Brother of Syrian boy whose image shocked the world dies of wounds from bombing
Ali Daqneesh,10, was playing outside with 5-year-old sibling Omran when an attack reduced their Aleppo home to rubble
The brother of an injured Syrian boy whose haunting photo struck a chord around the world died Saturday, days after he was wounded in the same bombing that left his younger sibling shell-shocked and covered in blood.
Ali Daqneesh, 10, was wounded along with his five-year-old brother Omran and the rest of the family when a Wednesday night airstrike devastated their apartment building.
The brothers were playing in the street outside when Russian or Syrian warplanes leveled their apartment building in the rebel-held Qaterji neighborhood, their father told the Telegraph newspaper on Saturday. “It is very painful to watch your children falling in front of your eyes,” he said.
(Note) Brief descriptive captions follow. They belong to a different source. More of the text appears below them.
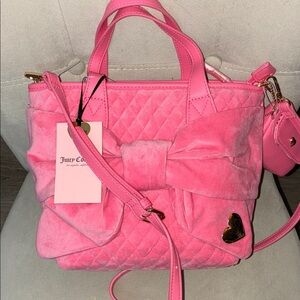 24HR DROP⬇️ Juicy Couture Velour Pink bow Satchel
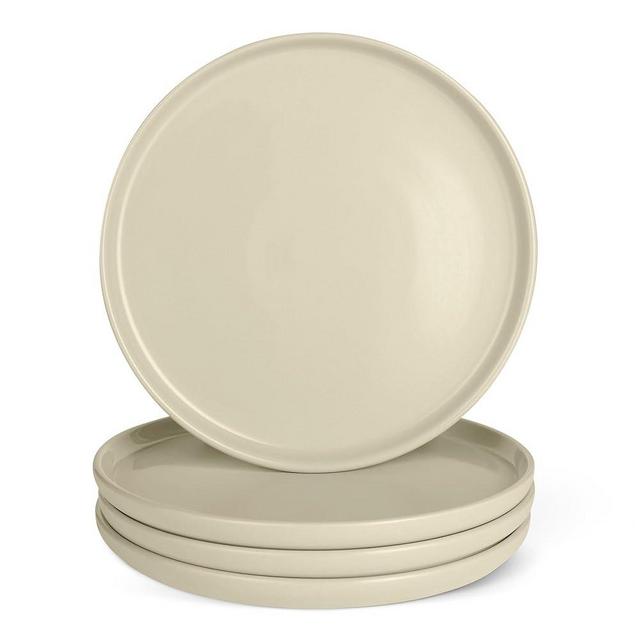 Amazon Basics Glazed Stoneware Dinner Plates, Ceramic 4-Piece Set, Microwave and Dishwasher-Safe, 10.5 in., Ivory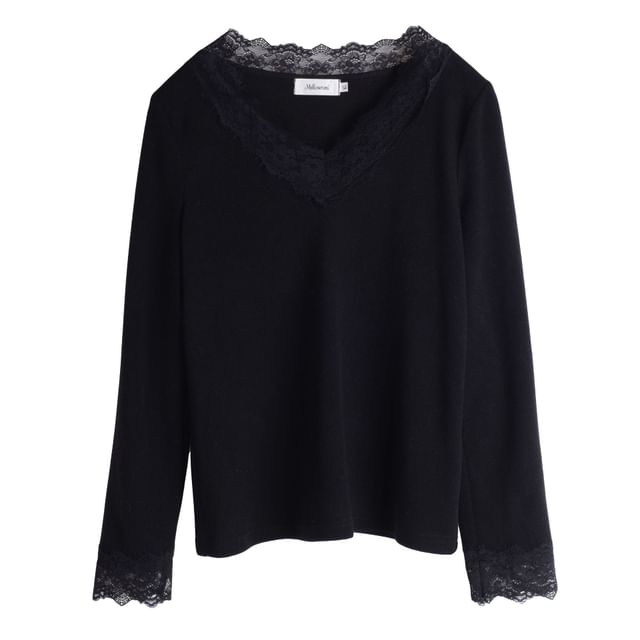 V-Neck Panel Lace Top Long Sleeve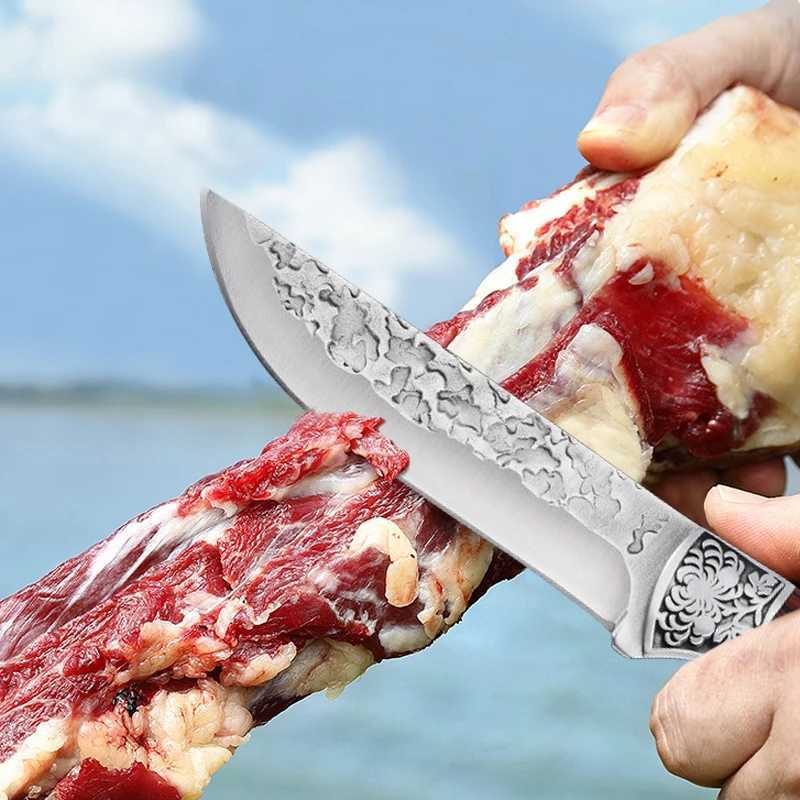 Forged lawn mower kitchen chef knife stainless steel hand meat knife fruit ingredients fishing portable barbecue but Boning knife cover Y241227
The father has declined to be named in full, going only as Abu Ali — father of Ali.
Over the weekend, a local rebel group posted a photo of Ali online, appearing to show him unconscious and with facial injuries, and breathing through a tube.
The images of the shell-shocked Omran — sitting inside an ambulance and covered in dust, with a blood-stained face — spread quickly across social media, intensifying international calls for an ceasefire in Aleppo.
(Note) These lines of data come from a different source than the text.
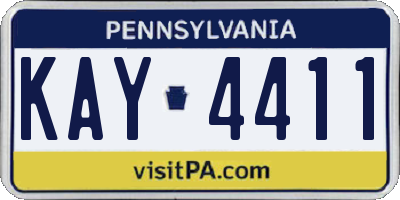 PA license plate KAY4411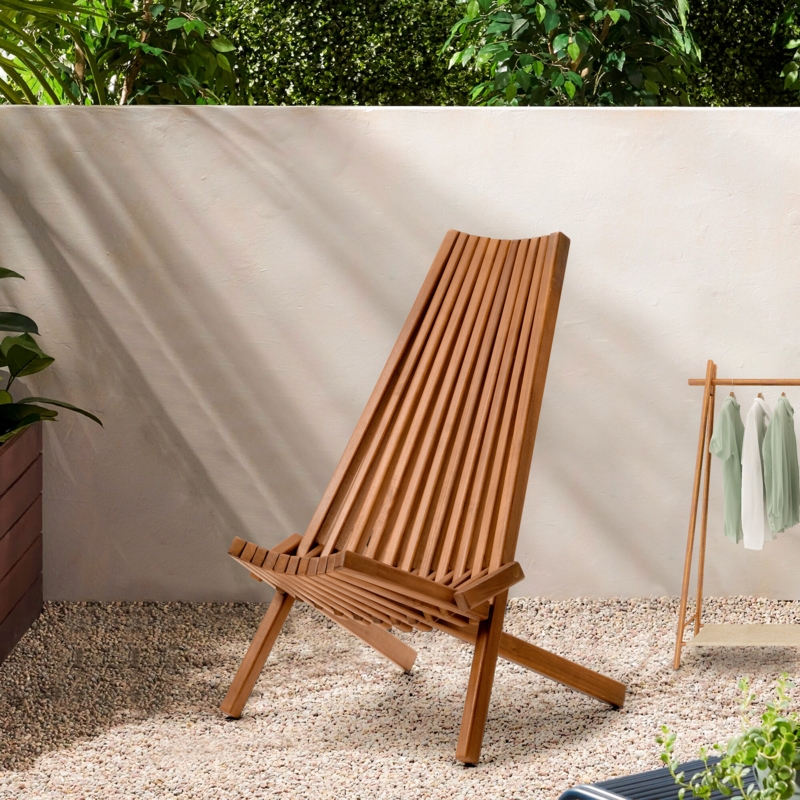 Foldable Ergonomic Acacia Wood Chair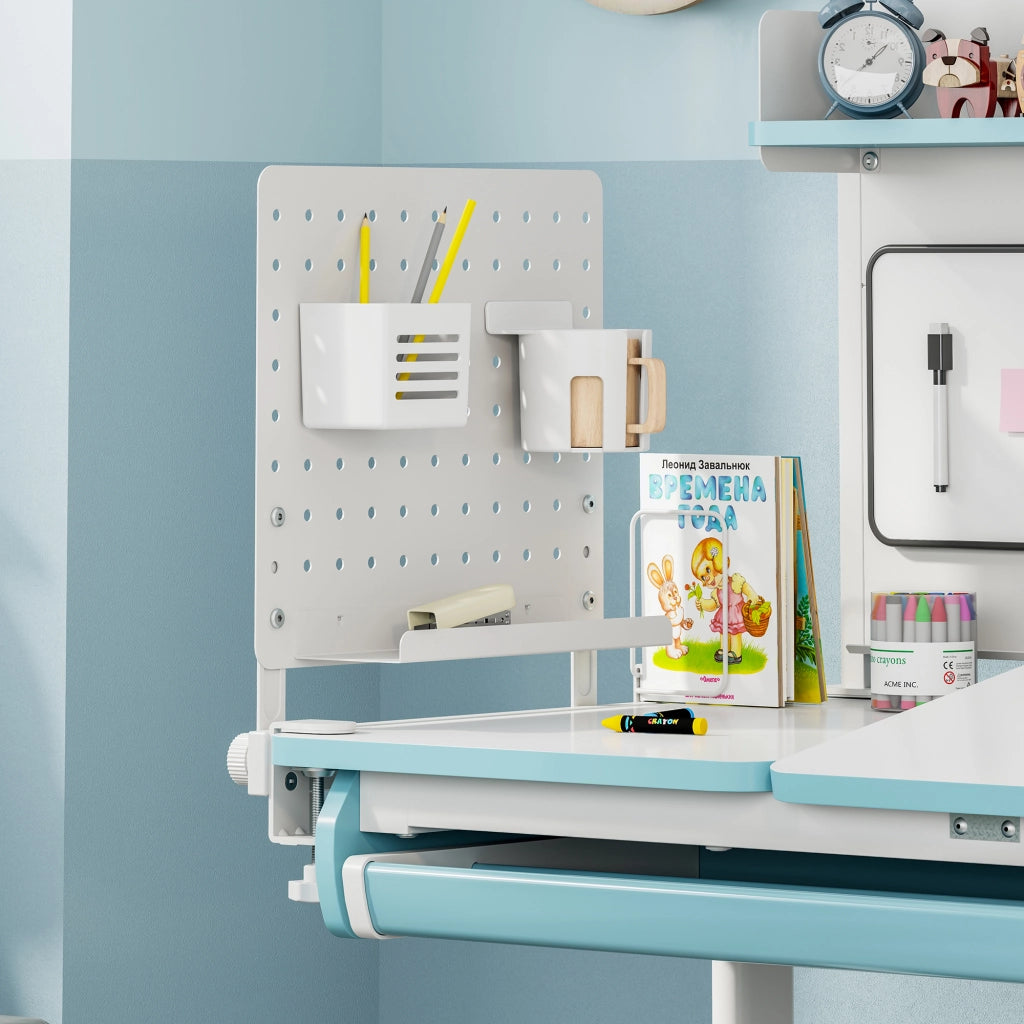 Organizzatore da Scrivania Sauda con Pegboard Pannello Forato 50 x 50 cm - Bianco [en.casa]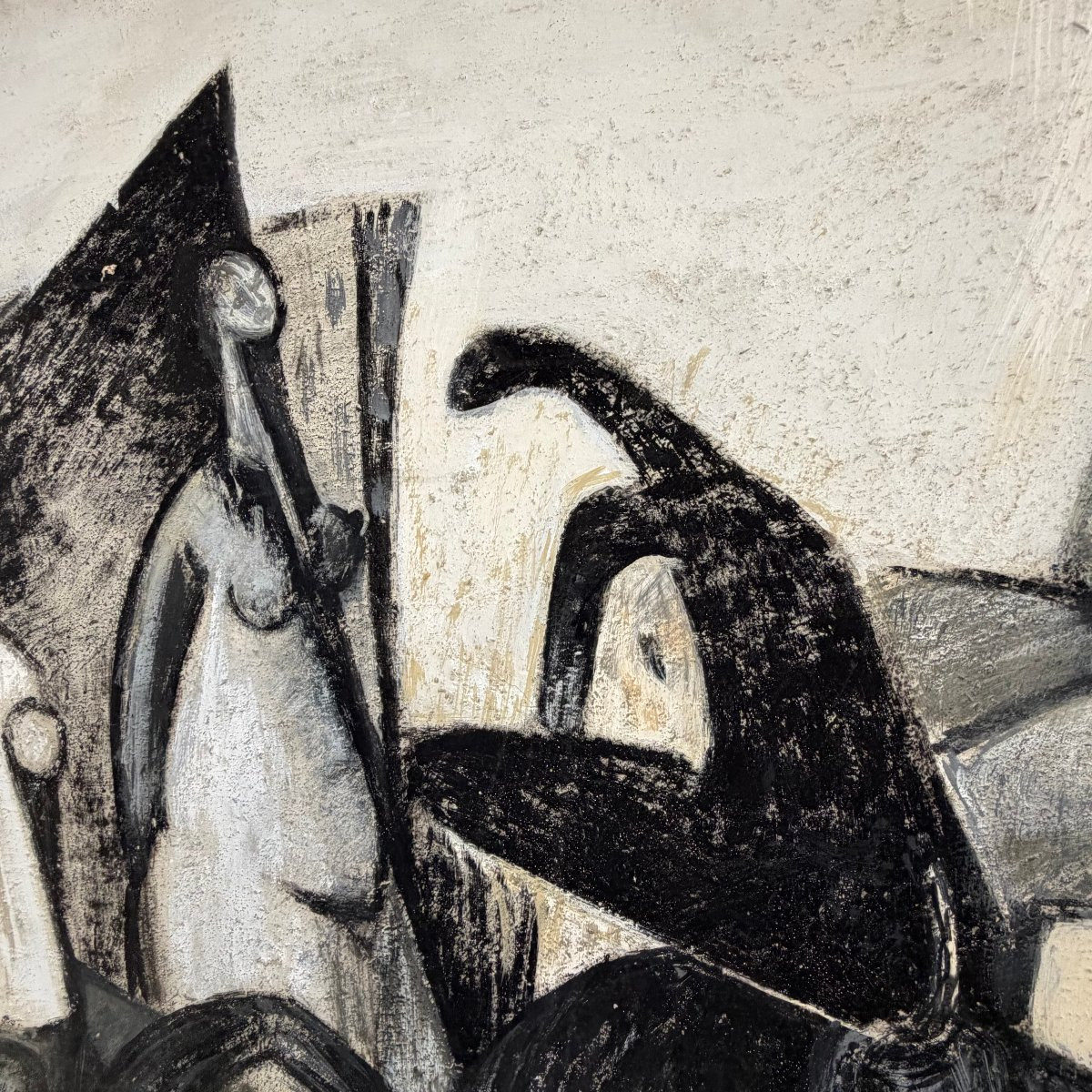 Huile sur papier « Amitiés » de Berthe Dubail-photo-1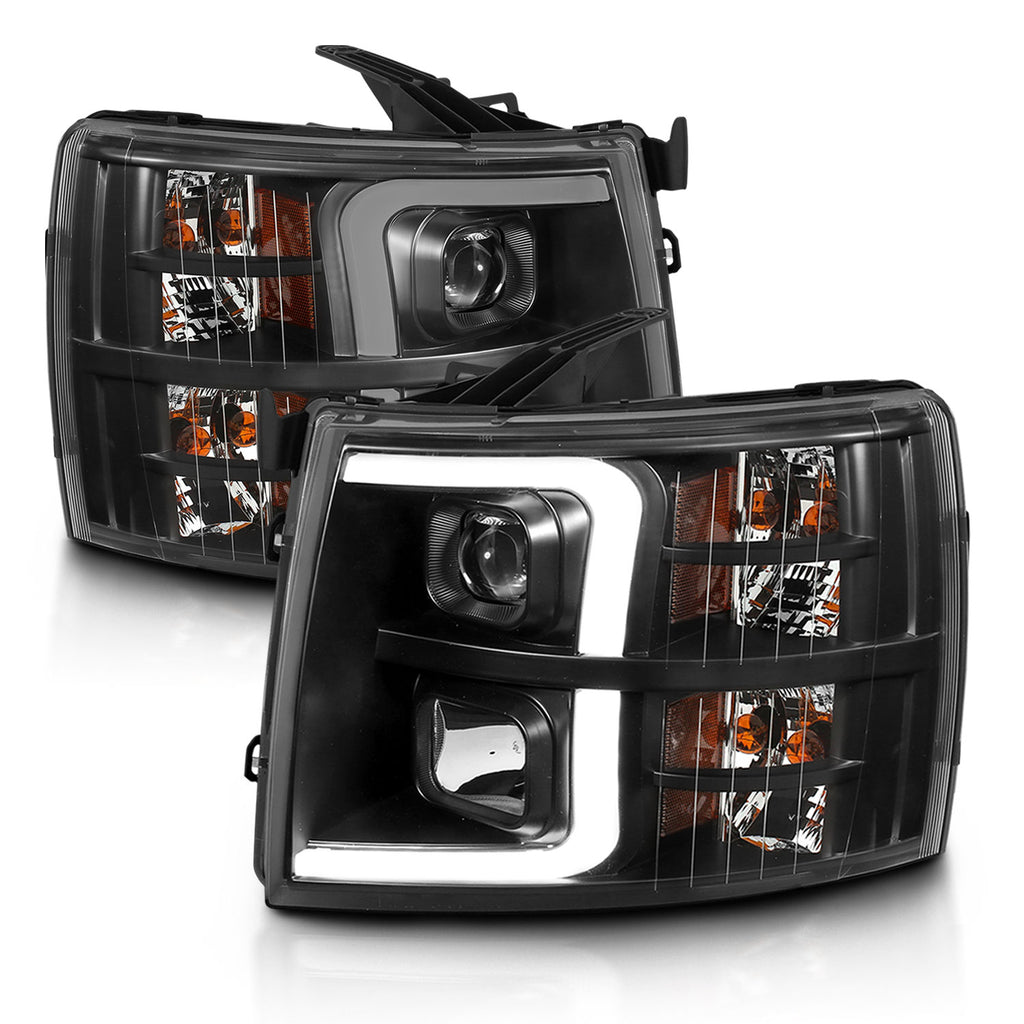 07-13-Chevrolet-Silverado-3500-Projector-Headlights---Black-Amber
The outcry over the image was similar to the response last year to a photo of 3-year-old Syrian boy Aylan Kurdi, whose drowned body washed up on a Turkish beach after the boat carrying him and his family capsized in the Mediterranean Sea.
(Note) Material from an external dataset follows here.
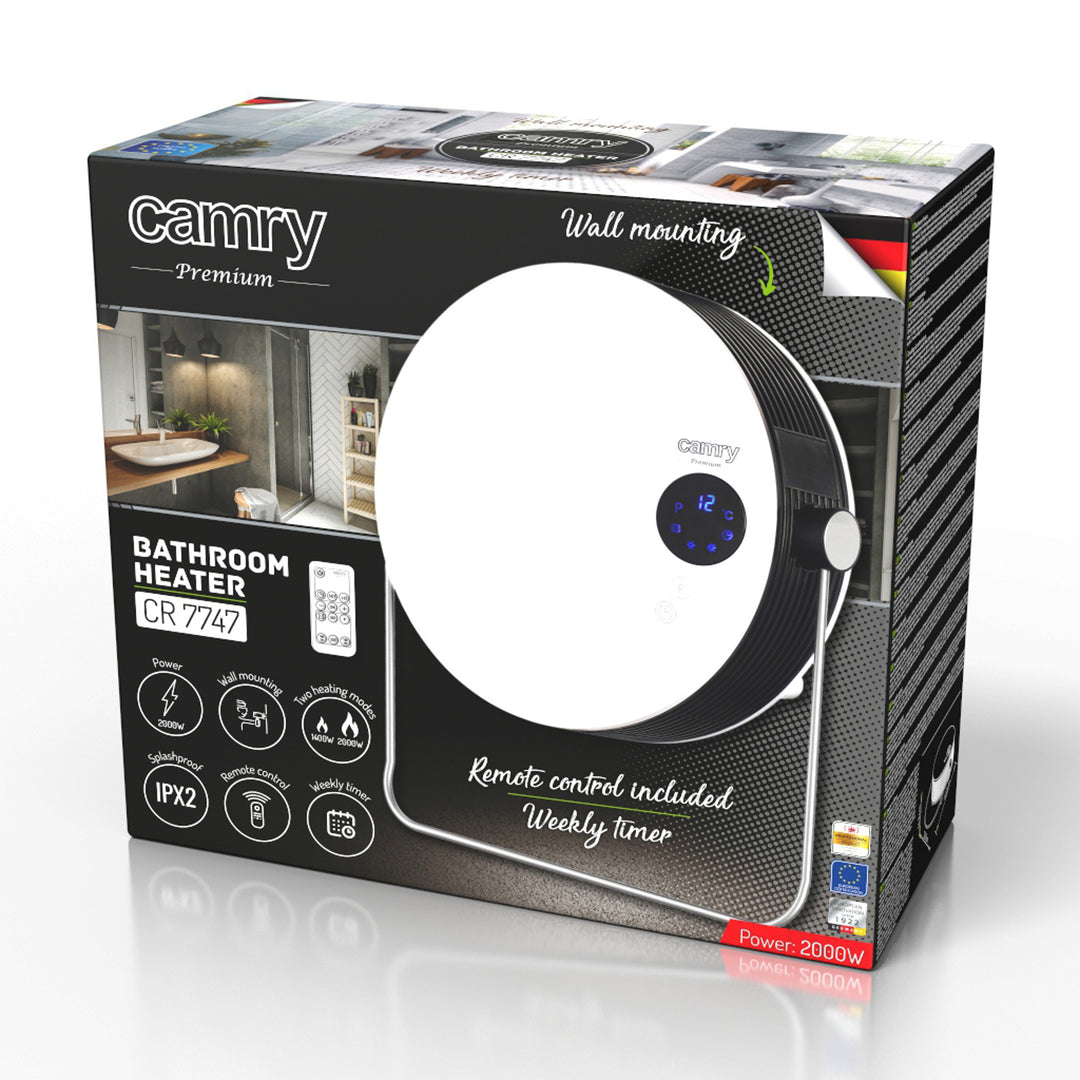 Calefactor de baño Camry, potencia 2000W, 2 niveles de calefacción, pantalla LCD, mando a distancia, CR 7747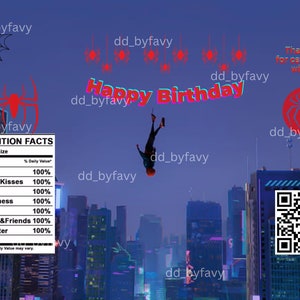 Peut inclure: Une illustration num&eacute;rique d'une personne v&ecirc;tue d'un costume noir et rouge tombant dans les airs devant un horizon urbain. Le texte "Happy Birthday" est &eacute;crit en lettres rouges et blanches. Il y a plusieurs toiles d'araign&eacute;es rouges et des araign&eacute;es en arri&egrave;re-plan. Le texte "Thank you for celebrating with me" est &eacute;crit dans le coin sup&eacute;rieur droit. Le texte "dd_byfavy" appara&icirc;t plusieurs fois dans l'image.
The heart-wrenching image of Omran was dubbed by Washington as “the real face” of the conflict.
On Saturday, the Syrian Obervatory for Human Rights said that more than 300 civilians have been killed in a three-week surge of fighting and bombardment in Aleppo.
The battle for Syria’s second city has killed 333 civilians since July 31, when rebels launched a major push to break a government siege of districts under their control, the monitoring group said.
The toll includes 165 civilians — among them 49 children — killed in opposition fire on the city’s government-held western districts.
Once Syria’s economic hub, Aleppo city has been ripped apart by violence since mid-2012, with warplanes bombarding the east and rockets raining down on the west.
Russia has been carrying out air raids in support of President Bashar Assad’s forces in Syria since September 2015.
On Friday, Russia denied that one of its air raids hit the Daqneesh’s home in eastern Aleppo, saying in a statement that its warplanes “never work on targets that are inside settled areas.”
More than 290,000 people have been killed since Syria’s conflict started in March 2011, while international efforts at putting an end to the war have faltered.